I'd love that! atm I'm trying to resolve some issues with the second solver and the gp motorcycle problem. I will ping you when we have a version ready
@avehtari @mitzimorris can you both try this branch of cmdstan I have setup
https://github.com/stan-dev/cmdstan/tree/laplace_test
I always get annoyed by github submodules but I think you should be able to copy paste the below to get all the submodules with the branches correct for the branch of stan math
# assuming you are in a cmdstan repo
git pull
git fetch origin laplace_test
# 4. Check it out locally
git switch laplace_test
# 5. Sync all submodules to the exact commits recorded in the branch
git submodule update --init --recursive
# 6. (Optional) Verify everything is on the expected commits
# should be aad582ba0221f140af2487922f27bd9868bd0d98
git submodule status
# just to make sure math updated go down and pull the branch
cd stan/lib/stan_math/
git pull origin fix/laplace-line-search
cd ../../../
After that you should be able to just run the standard make build commands to make cmdstan with the new stan math branch
# from the top folder of cmdstan repo
make clean-all
make -j4 build
If you cd into ./stan/lib/stan_math/ it should have commit hash bae4dead234d9c763ffcb9a379831bbd3b2194f8
If you have any issues pulling from the above please lmk!

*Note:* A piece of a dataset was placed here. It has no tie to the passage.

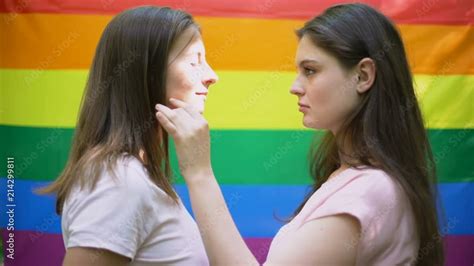 Lesbian Couple Kissing On Rainbow Flag Background Same Sex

@SteveBronder does your branch include the new function signature?
@avehtari are you referring to the mean arguments to the helpers? It should. The instructions steve posted should also download the nightly build of stanc which will know about them
I ran the new branch on a spatial GP model with approx 1600 data points. there is some improvement - the sampler crawls instead of hanging.
@avehtari - this is the function sig that works for me:
target += laplace_marginal(spatial_likelihood,
(y, mu_fixed, sigma_obs),
spatial_covariance,
(coords_vec, sigma_spatial, length_scale));
@mitzimorris could you send me your model? I will take a look! It could be that the laplace values start far away and have to do a lot of iterations to get reasonable theta parameters.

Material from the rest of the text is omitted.